La polémica se establece siempre como un puente de discusión, en vez del diálogo constructivo que debe unir a las personas en la serenidad de sus acciones y en el virtuosismo de su pensamiento. No se trata de seres abstractos o de santos civiles sino de crear la oportunidad de un debate con argumentos sólidos, que busquen la convergencia de ideas y acciones.
Las palabras se vuelven mínimas ante la elocuencia de los hechos. Pierden sentido, ocasión, contenido y continente y se disuelven en el paso estéril de un tiempo vacío, que los pueblos deben utilizar para el progreso.
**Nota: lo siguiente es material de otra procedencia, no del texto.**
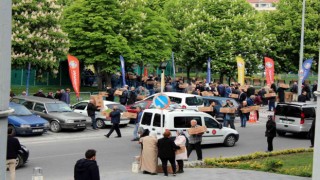 Organik domates fidesi almak için metrelerce kuyruk oluşturdular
El peso de los argumentos siempre es válido cuando lo amparan los ejemplos y no se vive de los opuestos sino de los grandes encuentros, después de meditaciones profundas sobre el destino del hombre, sus prioridades, sus requerimientos, sus reclamos y las vías de solución más rápidas, porque los humanos debemos aprender que el respeto de las ideas no es una batalla exterior y mediática sino el rincón más seguro de las íntimas convicciones donde crece la vida para el bien de todos.
La reflexión es válida para asimilarla en diferentes momentos y circunstancias en que se desarrolla la vida en comunidad. Mucho más si se actúa como miembro de la organización social de cualquier tipo y en particular si se buscan coincidencias en procura de una vida mejor.